Su questo tema, Pino Ammendola, ha scritto e diretto un testo che argomenta tra cinema, finzione e realtà lo scorrere del tempo, attraverso il racconto asciutto, ma allo stesso non privo di divertenti trovate del suo alter ego, cui ha dato il testimone per sviscerare la sua storia.
“L’incredibile caso di Beniamino Todiscus” sembra prendere spunto dal film “ Il curioso caso di Benjamin Button”, ma qui non c’è Brad Pitt, ma Marco Todisco, figlio prediletto di Enrico Brignano sul palcoscenico e nelle fiction da lui interpretate, che si fa dirigere con maestria dal suo secondo mentore.

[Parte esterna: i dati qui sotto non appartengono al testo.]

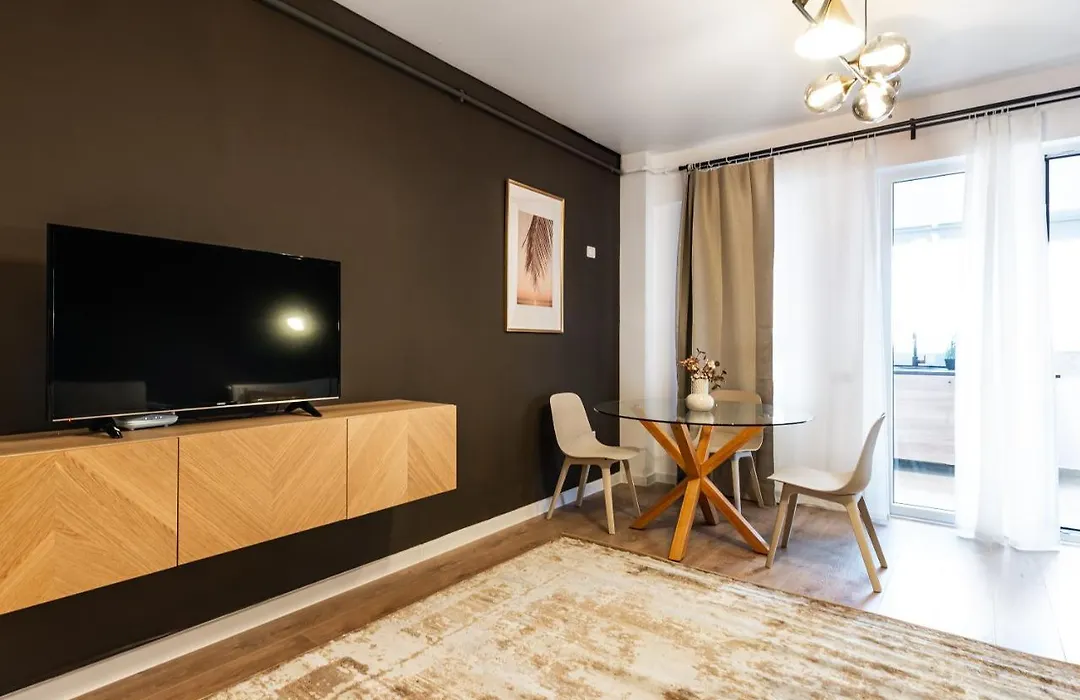 Central Spacious Apartment 506-1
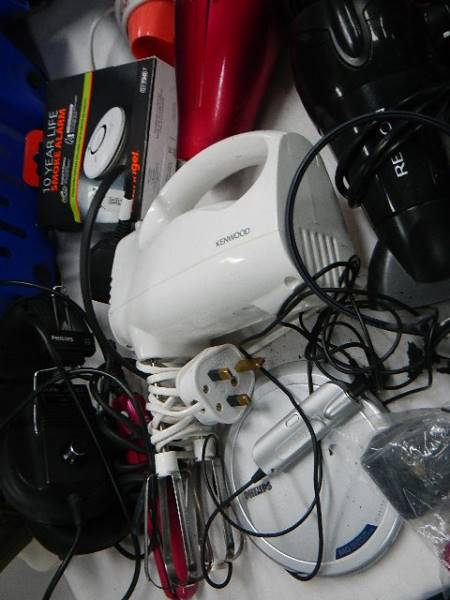 A mixed lot including hair dryer, radio, head phones etc. - Image 4 of 4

Un po’ “Forrest Gump” e un po’ “Benjamin”, Beniamino si isola dalla pazza folla per narrare il suo percorso nel tempo, tra guerre, episodi sociali e sentimentali che ci riportano ad un trascorso caro e nefasto delle nostre esistenze o di quelle dei nostri avi.
Dietro alla sua figura un tavolo con dei nomi illustri, quasi un preludio ad una conferenza annunciata, ma non certa.
Marco Todisco affronta la scena con padronanza, mettendosi in luce per 90 minuti,
non avendo alcuna esitazione nell’affrontare argomenti spinosi e dialoghi articolati.
Un sedicenne talentuoso che Pino Ammendola ha saputo portare alla ribalta con senso della misura e della generosa esternazione di un copione complesso, ma diverso dal solito.
A tratti la personalità del regista/autore emerge, ma è pressoché normale l’egocentrismo di un demiurgo.
Colpo di scena finale , dove tutto quello che è evocato non è frutto di un sogno, ma di una fantasia molto sviluppata che carpisce da varie situazioni il suo nutrimento vitale.
In scena nella parte finale dello spettacolo, anche Giorgio Gobbi, bravissimo nel vivacizzare il “coup de theatre”. Si replica fino al 23 novembre al Teatro dei Conciatori.